Dataset content:
--------------------
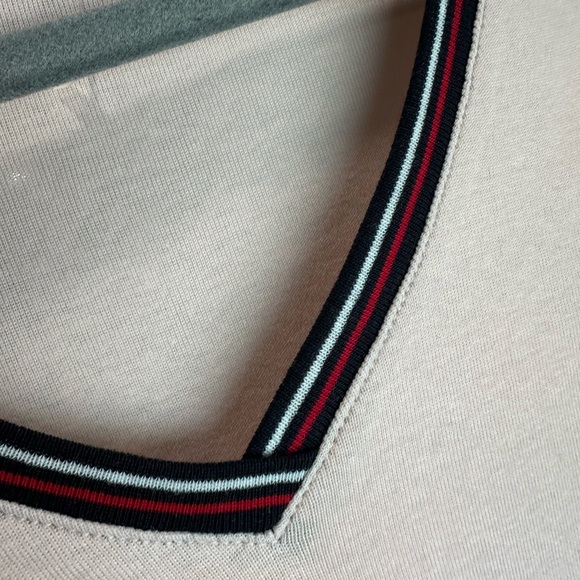 NWOT Tommy Hilfiger Favorite V Neck Size Small Red White and Blue Trim - Picture 3 of 5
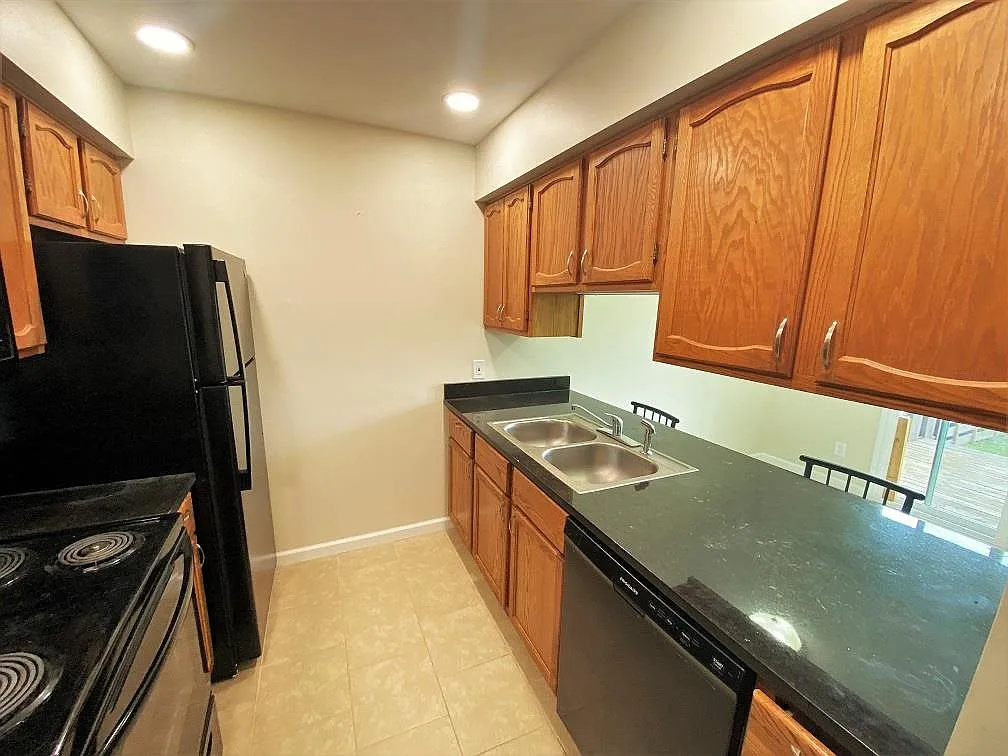 3 bed, 1.5 bath, 1444 sqft, $1,400 — Photo 3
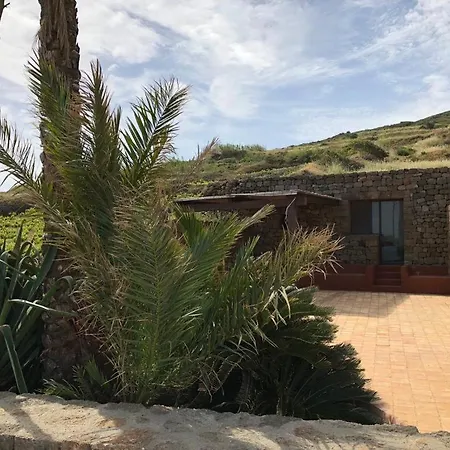 Holiday home Dammuso Gaetani Khamma Fuori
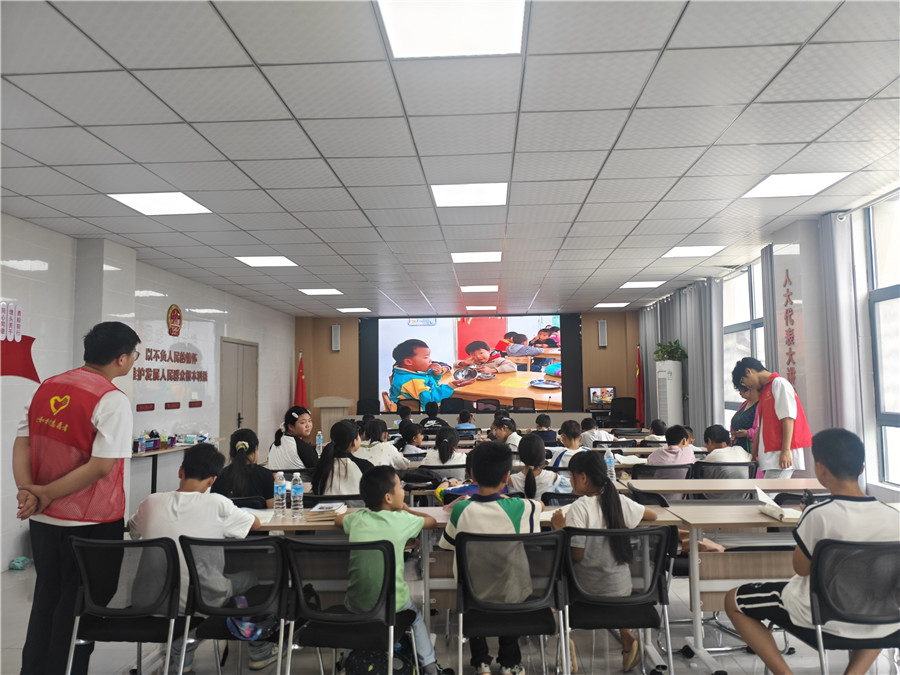 大桥镇新时代文明实践所暑托班。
--------------------
Description of the task:
Type the listing above out again exactly, and omit all pictures.

Task answer:
 NWOT Tommy Hilfiger Favorite V Neck Size Small Red White and Blue Trim - Picture 3 of 5
 3 bed, 1.5 bath, 1444 sqft, $1,400 — Photo 3
 Holiday home Dammuso Gaetani Khamma Fuori
 大桥镇新时代文明实践所暑托班。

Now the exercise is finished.